**WHAT NEEDS TO BE DONE**
Leave out the pictures and output exactly the lines below from the one with "Băieţelul a simţit" down to the one with "2020 GMC Acadia Denali - Photo 20", both of them included.

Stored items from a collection
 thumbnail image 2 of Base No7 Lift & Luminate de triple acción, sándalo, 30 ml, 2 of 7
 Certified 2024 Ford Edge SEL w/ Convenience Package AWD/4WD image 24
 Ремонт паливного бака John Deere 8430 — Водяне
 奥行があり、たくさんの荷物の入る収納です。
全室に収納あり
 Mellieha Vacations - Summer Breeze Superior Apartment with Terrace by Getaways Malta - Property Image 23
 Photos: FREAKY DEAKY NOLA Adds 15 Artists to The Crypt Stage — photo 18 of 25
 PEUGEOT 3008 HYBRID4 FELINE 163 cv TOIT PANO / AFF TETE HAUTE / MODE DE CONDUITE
--
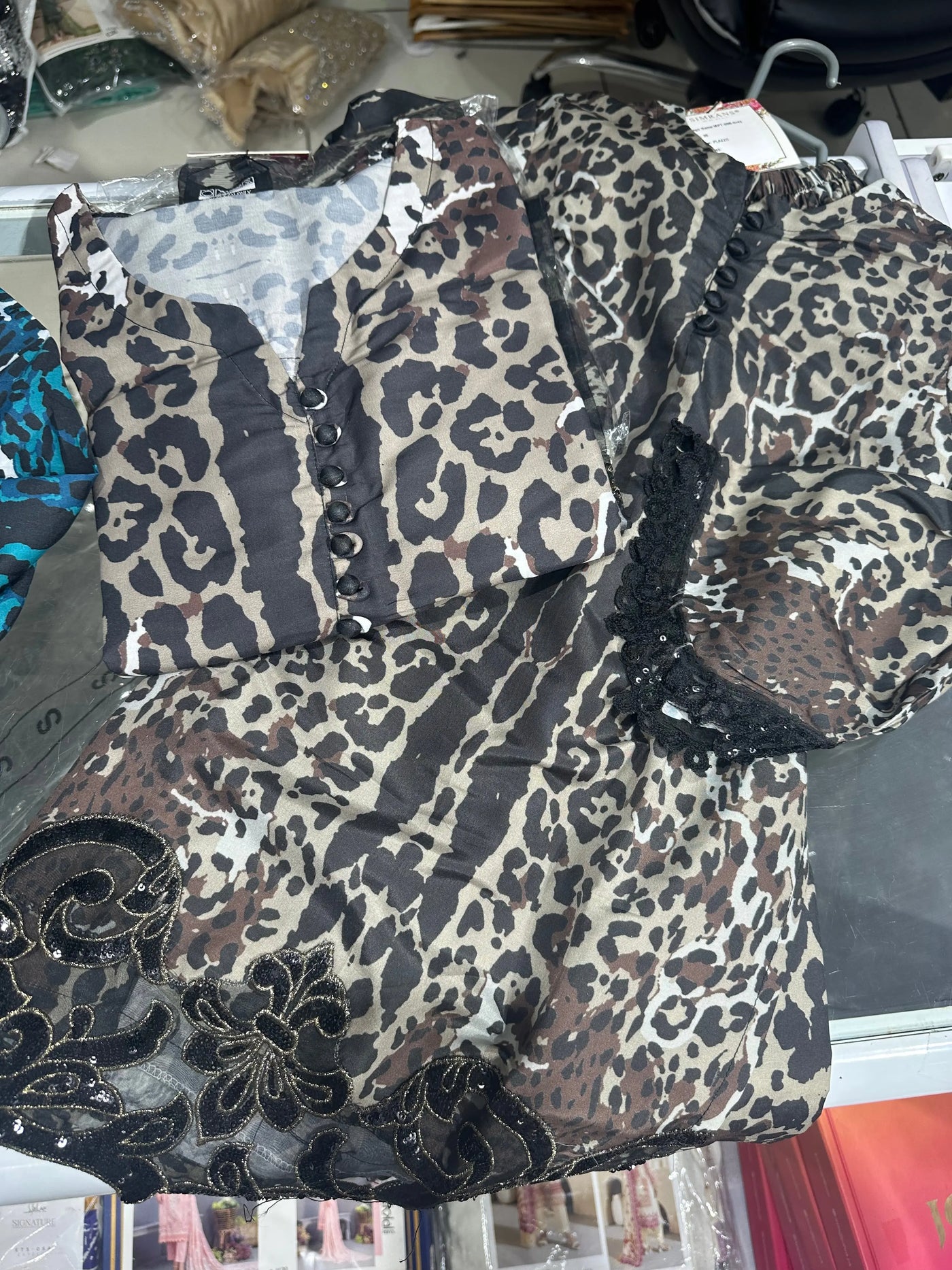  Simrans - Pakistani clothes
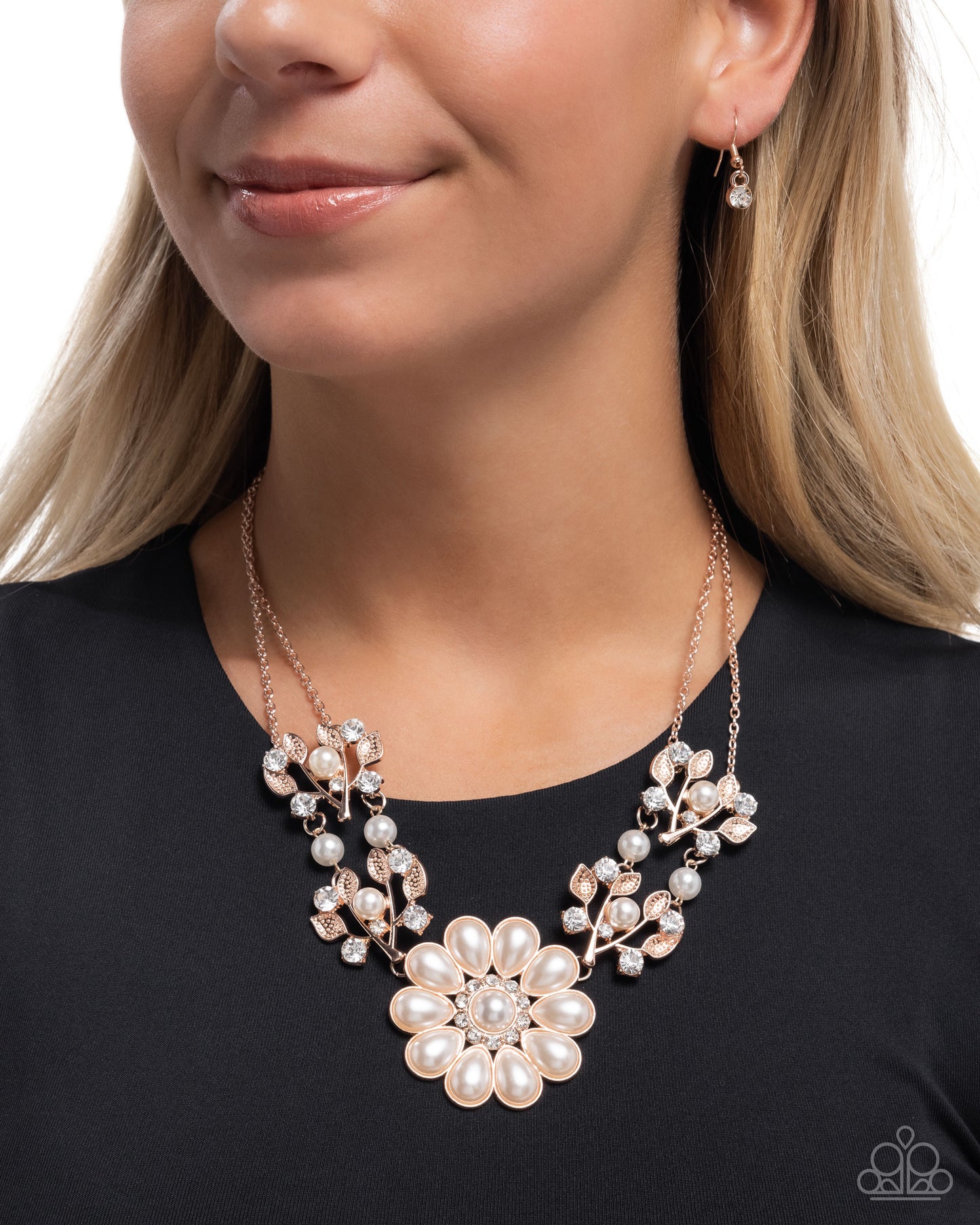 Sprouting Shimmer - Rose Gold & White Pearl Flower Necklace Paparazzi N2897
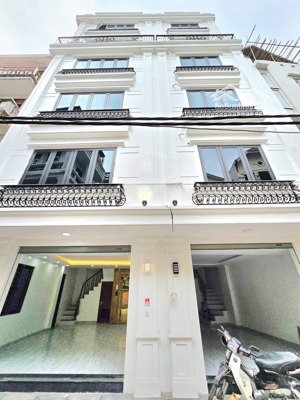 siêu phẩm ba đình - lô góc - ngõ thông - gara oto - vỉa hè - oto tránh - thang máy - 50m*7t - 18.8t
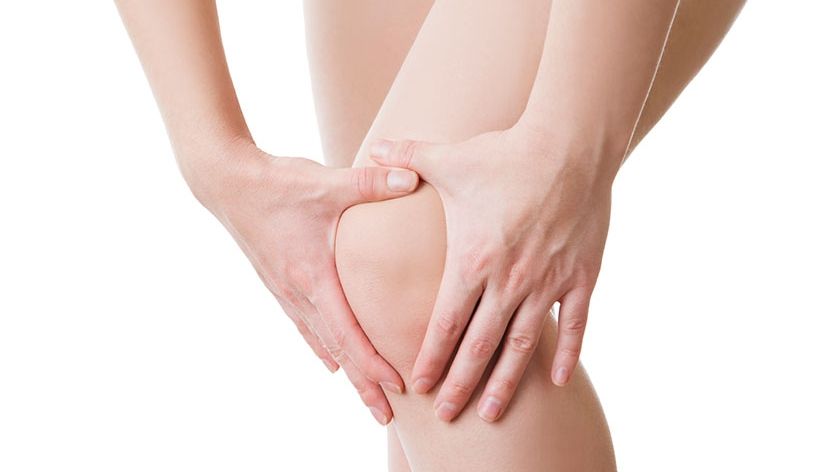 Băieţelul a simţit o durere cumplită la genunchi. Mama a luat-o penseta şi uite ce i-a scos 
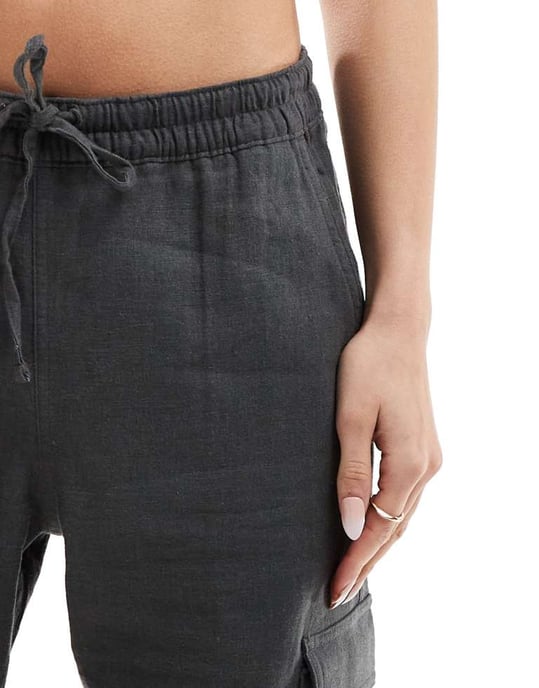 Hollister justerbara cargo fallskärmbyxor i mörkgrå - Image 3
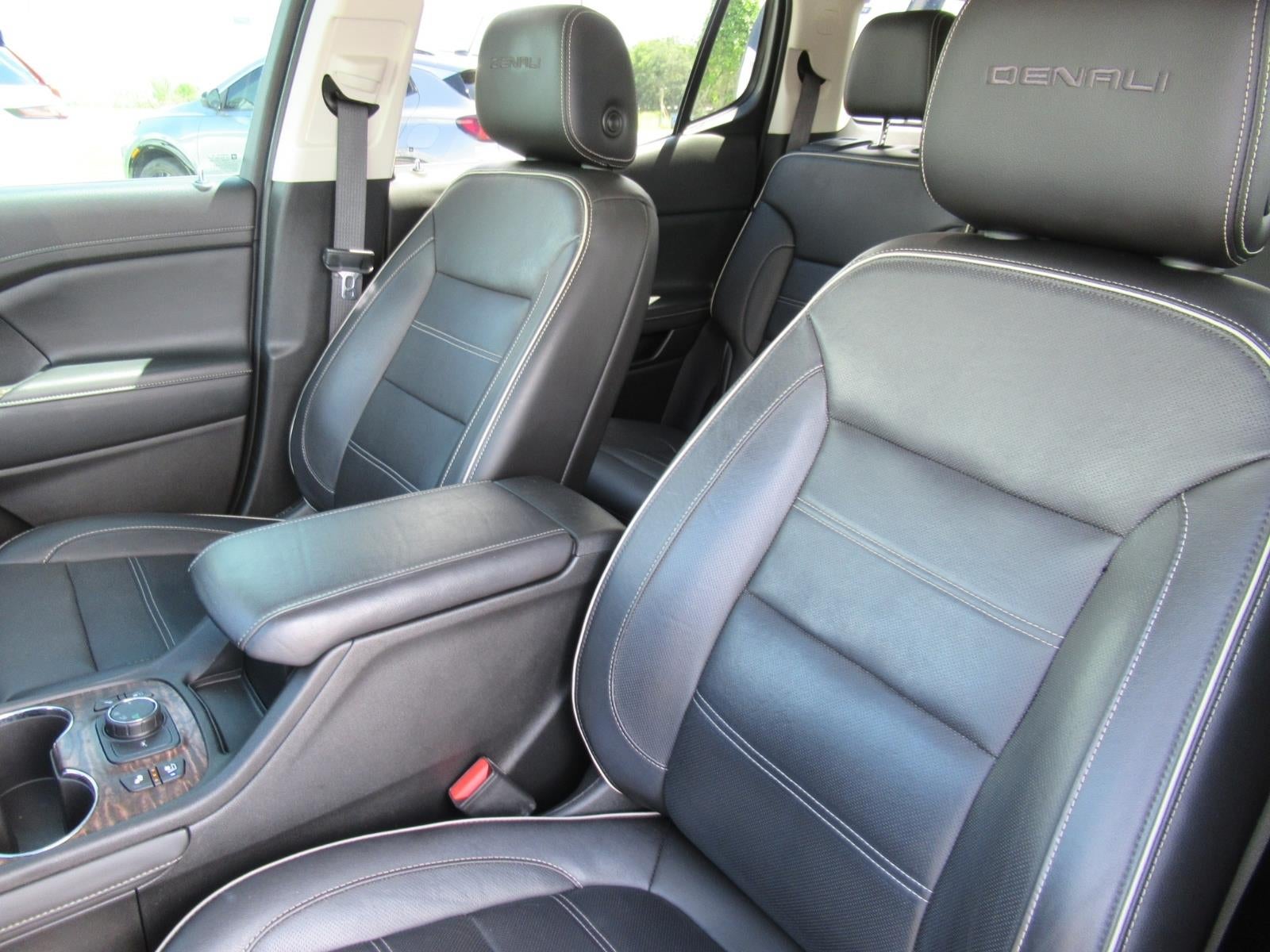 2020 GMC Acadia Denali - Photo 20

**ANSWER BELOW**
 Băieţelul a simţit o durere cumplită la genunchi. Mama a luat-o penseta şi uite ce i-a scos 
 Hollister justerbara cargo fallskärmbyxor i mörkgrå - Image 3
 2020 GMC Acadia Denali - Photo 20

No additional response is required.